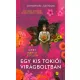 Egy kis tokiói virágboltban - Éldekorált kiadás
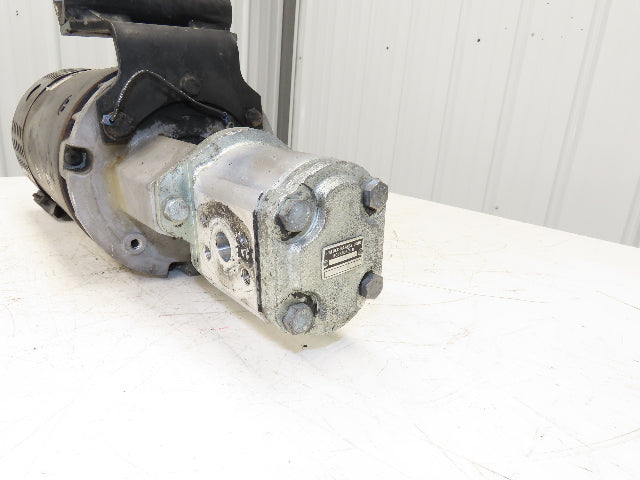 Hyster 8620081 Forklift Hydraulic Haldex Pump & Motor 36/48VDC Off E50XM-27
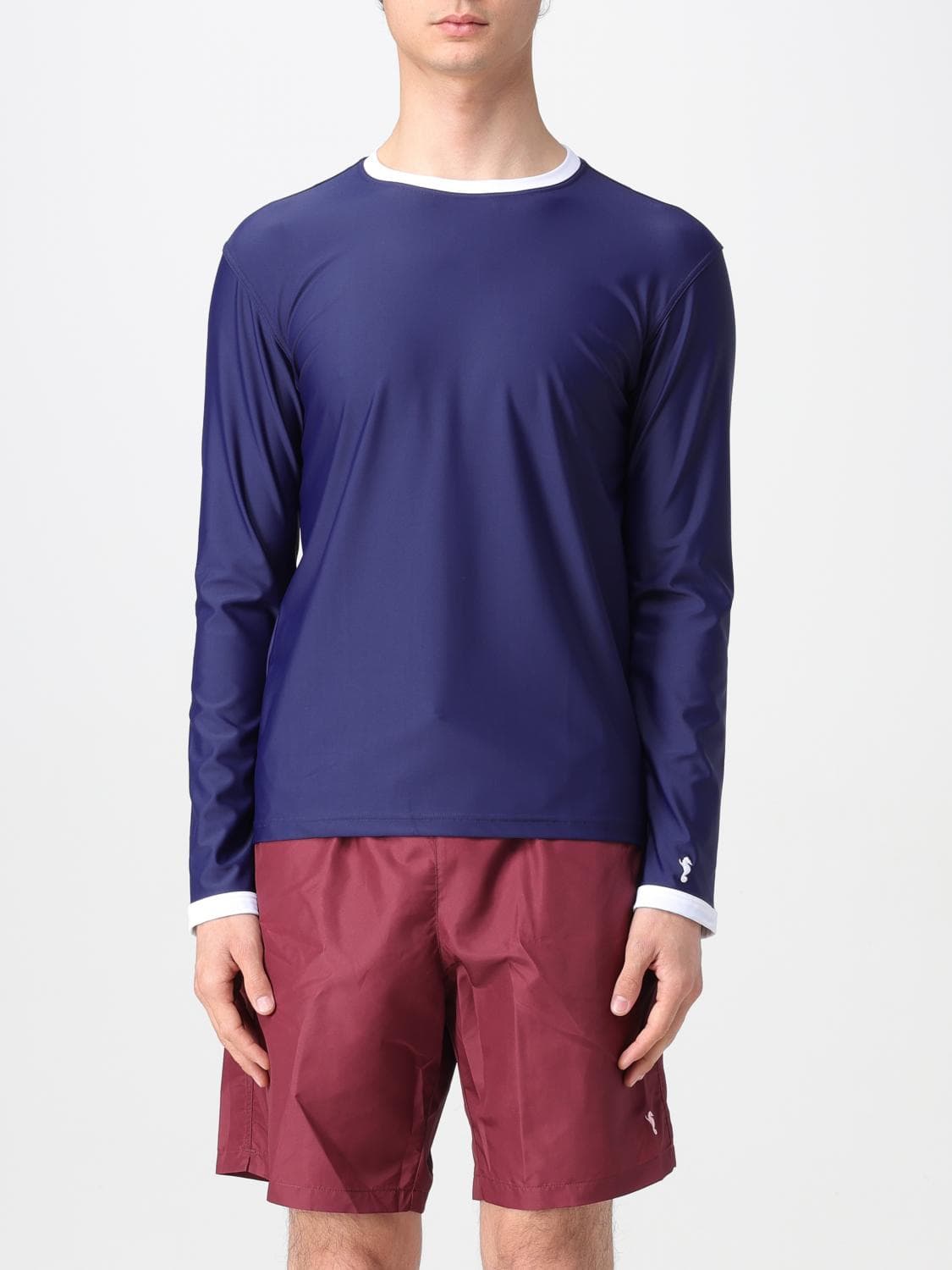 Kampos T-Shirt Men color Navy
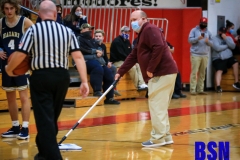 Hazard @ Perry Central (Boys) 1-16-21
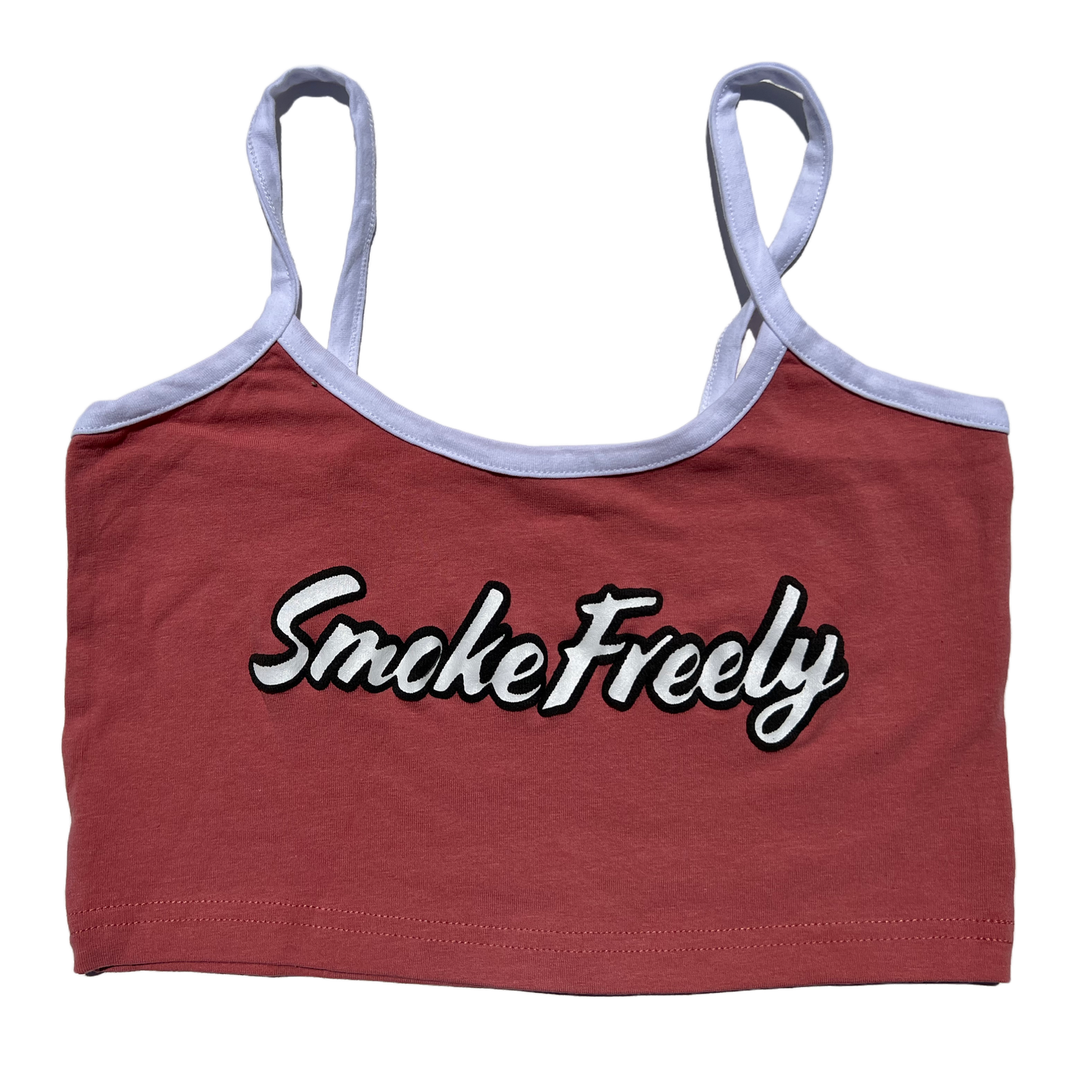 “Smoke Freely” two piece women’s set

========================================================================

**What is needed**
Copy out the data above to the letter, and keep every picture out of it.

**Written answer**
 Egy kis tokiói virágboltban - Éldekorált kiadás
 Hyster 8620081 Forklift Hydraulic Haldex Pump & Motor 36/48VDC Off E50XM-27
 Kampos T-Shirt Men color Navy
 Hazard @ Perry Central (Boys) 1-16-21
 “Smoke Freely” two piece women’s set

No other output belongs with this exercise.